To conclude, then, just as Wilson's Israelite writers are of two minds about their past, I find myself of two minds about his reading of their texts. On the one hand, his emphasis on memory surely marks a major advance in our consideration of these texts, and at many points Wilson forces a reconsideration of long held views of individual stories and their concatenation in the major historiographic works (DH and CH especially).
On the other, simply to assume that DH reflects the collective memory of the Persian period literati underplays major theoretical issues: (1) How do the pre-Deuteronomic layers of the text, the extent of which is debatable but probably significant, reflect past collective memories of Israelite thinkers, and how do those earlier layers of memory relate to others? Can we reconstruct a sort of archaeology of memory without descending into the arbitrariness that sometimes seems to accompany more traditional literary-critical approaches? (2) Does memory as an intellectual phenomenon relate in an unmediated way to the creation of texts, as Wilson seems to assume but does not fully explain? Can we elide memory and textual creation, or do we need more extensive work on their relationship(s)? (3) How does the textualization of prophecy relate to memory and forgetting, since, again, this process seems to have occurred over time? These fruitful questions, and others, should occupy scholars for some time, thanks in large part to Wilson's stimulating and learned book. One may hope for it an appreciative readership and numerous responses.

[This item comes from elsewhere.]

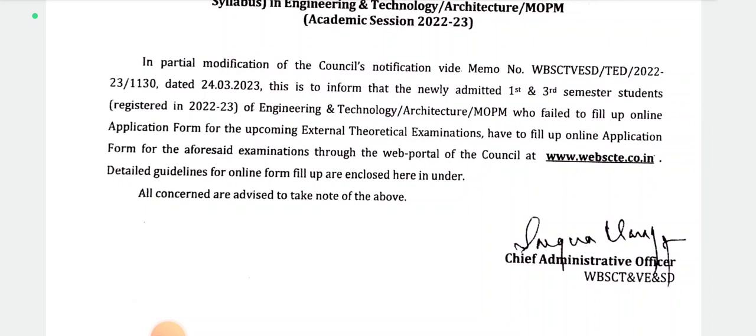M.O.P.M. — students who failed to fill up the online application form for the upcoming external theoretical exam have to fill up the online application form for the aforesaid examinations through the web portal of the Council.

[1] W. H. Auden, The English Auden: Poems, Essays and Dramatic Writings, 19271939, ed. Edward Mendelson (New York: Random House, 1977), 309.
[2] Notably Jan Assmann, Cultural Memory and Early Civilization: Writing Remembrance and Political Imagination (Cambridge: Cambridge University Press, 2011); idem, Religio Duplex: How the Enlightenment Reinvented Egyptian Religion, trans. Robert Savage (Malden, MA: Polity Press, 2014).
[3] Paul Ricoeur, Memory, History, Forgetting, trans. Kathleen Blamey and David Pellauer (Chicago: University of Chicago Press, 2004).